A situação envolve a sucessão de medidas provisórias que alteram a cobrança de um tributo (adicional da COFINS). A Constituição Federal, no art. 150, III, "c", estabelece a vedação de cobrar tributos antes de decorridos noventa dias da publicação da lei que os instituiu ou aumentou. Esse princípio aplica-se a todos os tributos, inclusive contribuições como a COFINS, salvo exceções constitucionais. Já a anterioridade anual (exercício financeiro) possui regramento específico para contribuições, mas não é o foco central da questão, pois o STF entende que, no caso de MP, a majoração depende da conversão em lei até o fim do exercício para produzir efeitos no exercício seguinte (art. 62, §2º).
No caso concreto:
MP X revogou o adicional (benefício).
MP Y revogou a MP X, restaurando o adicional (majoração).
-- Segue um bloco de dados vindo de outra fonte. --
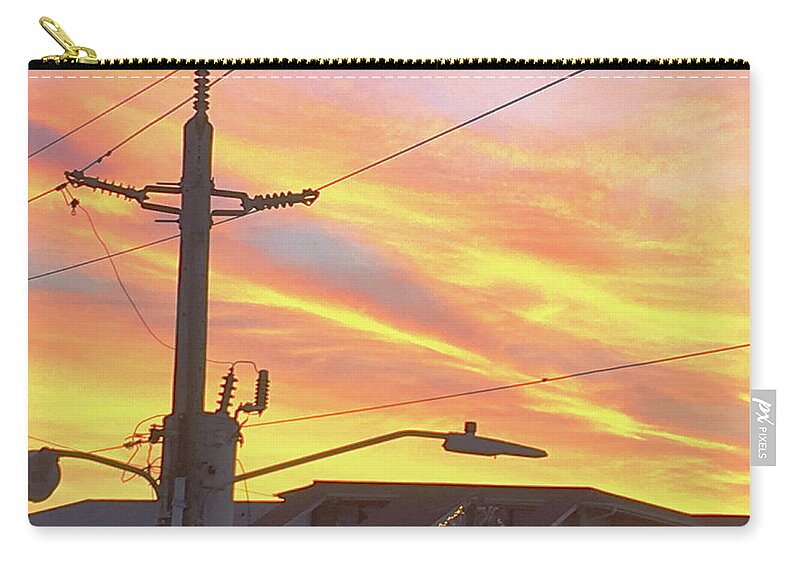 City Life Carry-all Pouch featuring the photograph High Wire Sunset by Rod Whyte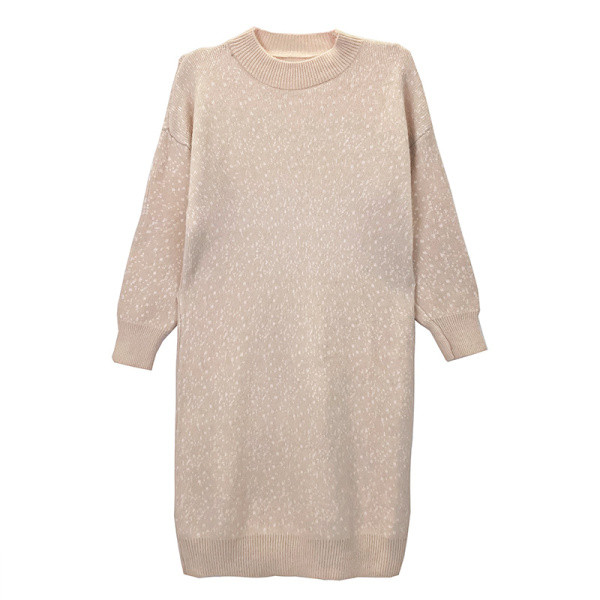 Téli pöttyös ruha kismamaknak alacsony gallérral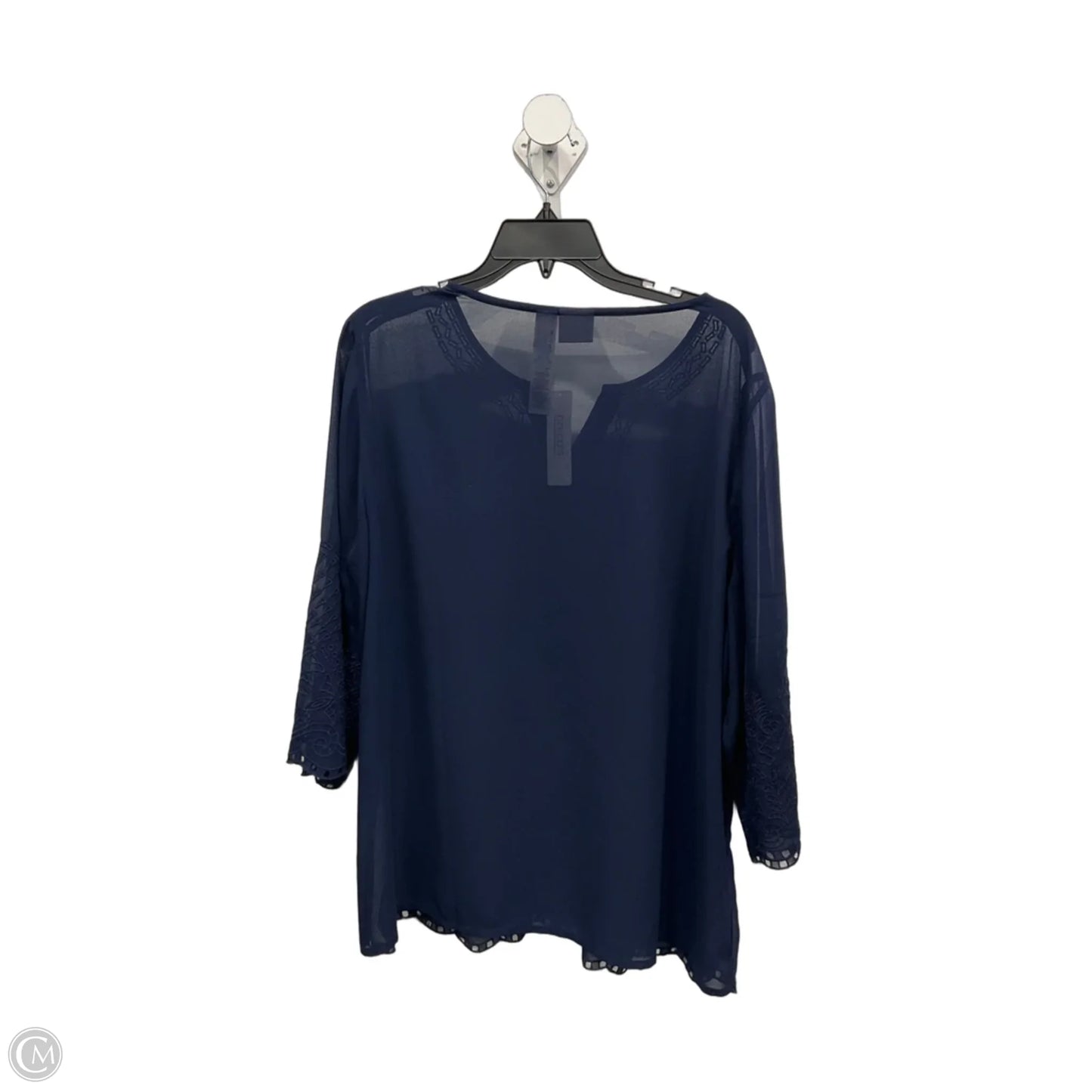 Top 3/4 Sleeve By Chicos In Navy, Size: Xl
MP Y perdeu eficácia; a MP X "reviveu" temporariamente, suspendendo novamente o adicional.
MP X perdeu eficácia, reativando o adicional.
A única majoração decorrente de ato legislativo (edição de MP) foi a operada pela MP Y. A restauração do adicional por perda de eficácia da MP X não é um novo ato legislativo, mas sim o fim dos efeitos de uma norma que havia suspendido a cobrança. O STF, em casos análogos (como no RE 600.139, rel. Min. Marco Aurélio), firmou que a repristinação automática de MP revogadora não configura nova majoração, pois o tributo originalmente instituído permaneceu vigente, apenas com sua exigibilidade suspensa. Assim, apenas a edição da MP Y exige respeito à noventena.
Não há aplicação da anterioridade anual em dois momentos, pois a COFINS não está sujeita a essa limitação nos termos da jurisprudência pacífica. A opção D é a que melhor se alinha ao entendimento do STF.
Análise das alternativas
Alternativa A — ❌ Incorreta
Afirma que nenhuma anterioridade seria aplicável. Incorreta, pois a MP Y, que aumentou o tributo, deve respeitar a anterioridade nonagesimal.
Alternativa B — ❌ Incorreta
Diz que a anterioridade nonagesimal deveria ser observada após a volta da cobrança pela perda de eficácia da MP X. Esse evento não é ato legislativo e não exige nova noventena.
Alternativa C — ❌ Incorreta
Propõe a anterioridade anual em dois momentos. A COFINS, como contribuição, não está sujeita à anterioridade anual, e mesmo que estivesse, a restauração por perda de eficácia não é majoração nova.
Alternativa D — ✅ Correta ⟵ GABARITO
Correta: a anterioridade nonagesimal incide apenas na edição da MP Y, que majorou o tributo ao revogar o benefício da MP X. As demais alterações decorrem do decurso do prazo, sem nova lei.
Alternativa E — ❌ Incorreta
Afirma que a anterioridade nonagesimal seria observada em dois momentos. Erro: o segundo momento (perda de eficácia da MP X) não exige noventena, conforme fundamentado.
NÃO CAIA NESSA!
A banca explora a confusão entre a revogação expressa por MP e a repristinação automática. O candidato pode pensar que toda alteração na exigibilidade do tributo exige nova anterioridade, mas o STF distingue ato legislativo (MP que aumenta) de simples decurso de prazo que restaura a situação anterior. Lembre-se: o que importa é se houve novo ato normativo instituindo ou majorando o tributo.